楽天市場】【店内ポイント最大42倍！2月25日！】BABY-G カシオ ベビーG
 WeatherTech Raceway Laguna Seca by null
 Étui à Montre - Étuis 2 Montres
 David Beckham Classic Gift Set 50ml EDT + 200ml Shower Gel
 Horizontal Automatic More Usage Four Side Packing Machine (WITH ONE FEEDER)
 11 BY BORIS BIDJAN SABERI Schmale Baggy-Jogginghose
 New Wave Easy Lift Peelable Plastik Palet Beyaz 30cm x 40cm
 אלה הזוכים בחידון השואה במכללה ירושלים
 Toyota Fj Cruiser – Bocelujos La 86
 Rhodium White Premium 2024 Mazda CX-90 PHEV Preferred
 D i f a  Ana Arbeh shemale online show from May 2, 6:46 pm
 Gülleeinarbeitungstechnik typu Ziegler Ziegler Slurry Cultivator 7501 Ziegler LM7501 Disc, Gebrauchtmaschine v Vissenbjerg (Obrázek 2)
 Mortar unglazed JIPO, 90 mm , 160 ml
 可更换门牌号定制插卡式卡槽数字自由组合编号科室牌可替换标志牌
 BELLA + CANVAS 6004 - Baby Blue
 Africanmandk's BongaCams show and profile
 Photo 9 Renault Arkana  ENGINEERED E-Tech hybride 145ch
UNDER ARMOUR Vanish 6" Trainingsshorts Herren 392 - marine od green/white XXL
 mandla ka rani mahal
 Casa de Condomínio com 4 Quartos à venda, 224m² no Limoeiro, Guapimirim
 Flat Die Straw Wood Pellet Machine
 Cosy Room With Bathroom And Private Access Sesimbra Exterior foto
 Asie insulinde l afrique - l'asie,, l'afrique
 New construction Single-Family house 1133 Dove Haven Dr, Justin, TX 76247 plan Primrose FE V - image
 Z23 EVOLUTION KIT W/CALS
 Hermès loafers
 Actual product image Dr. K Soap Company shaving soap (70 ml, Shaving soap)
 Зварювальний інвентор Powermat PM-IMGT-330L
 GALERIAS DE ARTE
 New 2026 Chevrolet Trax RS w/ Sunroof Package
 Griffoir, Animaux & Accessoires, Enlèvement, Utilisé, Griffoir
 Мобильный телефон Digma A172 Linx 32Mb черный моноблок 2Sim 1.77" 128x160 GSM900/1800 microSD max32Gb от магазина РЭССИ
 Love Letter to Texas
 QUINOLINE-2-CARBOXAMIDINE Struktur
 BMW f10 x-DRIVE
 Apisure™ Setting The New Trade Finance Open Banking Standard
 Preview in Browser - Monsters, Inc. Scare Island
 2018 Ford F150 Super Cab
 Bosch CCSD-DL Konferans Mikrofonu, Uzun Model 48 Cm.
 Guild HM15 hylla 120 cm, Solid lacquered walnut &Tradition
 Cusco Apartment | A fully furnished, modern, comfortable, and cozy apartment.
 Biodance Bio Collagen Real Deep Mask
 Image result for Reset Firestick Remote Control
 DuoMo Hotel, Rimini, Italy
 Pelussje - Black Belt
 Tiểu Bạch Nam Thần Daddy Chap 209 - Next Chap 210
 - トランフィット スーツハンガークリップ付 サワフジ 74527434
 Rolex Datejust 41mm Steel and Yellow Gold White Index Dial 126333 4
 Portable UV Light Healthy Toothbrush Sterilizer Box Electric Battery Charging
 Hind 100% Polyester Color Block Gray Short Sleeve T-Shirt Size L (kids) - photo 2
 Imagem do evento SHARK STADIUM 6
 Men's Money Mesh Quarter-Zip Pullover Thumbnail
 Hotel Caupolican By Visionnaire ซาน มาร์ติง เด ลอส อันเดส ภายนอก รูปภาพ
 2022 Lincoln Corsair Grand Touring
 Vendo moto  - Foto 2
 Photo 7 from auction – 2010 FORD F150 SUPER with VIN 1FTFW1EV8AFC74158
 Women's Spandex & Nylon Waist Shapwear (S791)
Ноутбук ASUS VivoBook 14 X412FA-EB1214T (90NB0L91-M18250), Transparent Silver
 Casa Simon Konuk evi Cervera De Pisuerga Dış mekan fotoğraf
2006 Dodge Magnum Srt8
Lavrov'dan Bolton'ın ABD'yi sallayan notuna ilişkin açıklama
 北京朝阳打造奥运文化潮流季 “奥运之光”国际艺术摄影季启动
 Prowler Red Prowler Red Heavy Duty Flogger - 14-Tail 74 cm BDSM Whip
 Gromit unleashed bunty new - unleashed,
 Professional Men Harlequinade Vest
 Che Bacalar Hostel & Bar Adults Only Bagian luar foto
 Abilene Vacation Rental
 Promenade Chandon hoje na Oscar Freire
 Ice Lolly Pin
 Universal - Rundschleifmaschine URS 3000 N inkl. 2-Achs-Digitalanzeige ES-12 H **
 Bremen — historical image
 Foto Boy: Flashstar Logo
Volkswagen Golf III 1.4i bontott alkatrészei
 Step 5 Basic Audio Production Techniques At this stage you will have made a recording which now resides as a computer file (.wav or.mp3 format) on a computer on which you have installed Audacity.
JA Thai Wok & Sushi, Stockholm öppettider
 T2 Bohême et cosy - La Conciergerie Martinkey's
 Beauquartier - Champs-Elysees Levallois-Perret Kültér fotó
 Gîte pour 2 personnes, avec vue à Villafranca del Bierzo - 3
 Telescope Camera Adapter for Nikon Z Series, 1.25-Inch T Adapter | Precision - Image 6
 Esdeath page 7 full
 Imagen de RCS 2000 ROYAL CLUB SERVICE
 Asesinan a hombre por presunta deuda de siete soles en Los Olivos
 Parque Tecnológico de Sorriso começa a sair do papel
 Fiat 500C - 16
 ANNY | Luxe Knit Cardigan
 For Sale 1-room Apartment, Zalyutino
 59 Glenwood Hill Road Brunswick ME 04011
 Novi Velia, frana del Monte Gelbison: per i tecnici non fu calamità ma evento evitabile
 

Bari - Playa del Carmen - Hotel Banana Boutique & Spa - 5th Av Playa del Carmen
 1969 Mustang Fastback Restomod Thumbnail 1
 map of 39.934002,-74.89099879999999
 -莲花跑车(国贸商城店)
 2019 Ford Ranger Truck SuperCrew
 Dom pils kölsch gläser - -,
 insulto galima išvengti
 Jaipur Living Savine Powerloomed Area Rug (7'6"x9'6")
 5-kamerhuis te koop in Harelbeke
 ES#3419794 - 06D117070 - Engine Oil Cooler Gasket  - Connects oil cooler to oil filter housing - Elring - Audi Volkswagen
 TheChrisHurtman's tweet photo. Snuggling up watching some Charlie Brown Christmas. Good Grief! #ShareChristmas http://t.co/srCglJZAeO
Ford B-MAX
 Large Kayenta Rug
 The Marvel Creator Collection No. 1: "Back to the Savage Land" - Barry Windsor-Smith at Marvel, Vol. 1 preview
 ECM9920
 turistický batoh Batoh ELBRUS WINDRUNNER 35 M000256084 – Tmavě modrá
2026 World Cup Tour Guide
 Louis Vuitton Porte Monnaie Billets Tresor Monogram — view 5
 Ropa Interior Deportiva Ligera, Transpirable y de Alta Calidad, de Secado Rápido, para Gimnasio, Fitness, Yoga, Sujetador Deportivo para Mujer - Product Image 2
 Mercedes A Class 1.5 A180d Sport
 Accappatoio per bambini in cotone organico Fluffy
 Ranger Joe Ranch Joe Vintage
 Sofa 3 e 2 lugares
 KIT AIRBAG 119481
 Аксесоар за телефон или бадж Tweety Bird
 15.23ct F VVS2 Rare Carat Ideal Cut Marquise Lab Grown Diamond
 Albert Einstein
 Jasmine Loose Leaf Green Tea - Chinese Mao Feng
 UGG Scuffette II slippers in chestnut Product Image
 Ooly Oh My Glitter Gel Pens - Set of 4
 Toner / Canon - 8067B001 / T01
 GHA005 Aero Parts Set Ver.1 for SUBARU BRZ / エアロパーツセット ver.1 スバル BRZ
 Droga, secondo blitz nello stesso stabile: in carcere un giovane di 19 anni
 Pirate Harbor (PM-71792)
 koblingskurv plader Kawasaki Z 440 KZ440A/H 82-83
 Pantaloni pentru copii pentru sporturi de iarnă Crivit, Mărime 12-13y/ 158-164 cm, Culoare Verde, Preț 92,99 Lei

+---+

◆ **WHAT NEEDS TO BE DONE**
Would you please copy, word for word, everything above from the line containing "Bari - Playa" down to the line containing "2026 World Cup Tour Guide", those two lines included?

◆ **OUTPUT FOR THIS TASK**
Bari - Playa del Carmen - Hotel Banana Boutique & Spa - 5th Av Playa del Carmen
 1969 Mustang Fastback Restomod Thumbnail 1
 map of 39.934002,-74.89099879999999
 -莲花跑车(国贸商城店)
 2019 Ford Ranger Truck SuperCrew
 Dom pils kölsch gläser - -,
 insulto galima išvengti
 Jaipur Living Savine Powerloomed Area Rug (7'6"x9'6")
 5-kamerhuis te koop in Harelbeke
 ES#3419794 - 06D117070 - Engine Oil Cooler Gasket  - Connects oil cooler to oil filter housing - Elring - Audi Volkswagen
 TheChrisHurtman's tweet photo. Snuggling up watching some Charlie Brown Christmas. Good Grief! #ShareChristmas http://t.co/srCglJZAeO
Ford B-MAX
 Large Kayenta Rug
 The Marvel Creator Collection No. 1: "Back to the Savage Land" - Barry Windsor-Smith at Marvel, Vol. 1 preview
 ECM9920
 turistický batoh Batoh ELBRUS WINDRUNNER 35 M000256084 – Tmavě modrá
2026 World Cup Tour Guide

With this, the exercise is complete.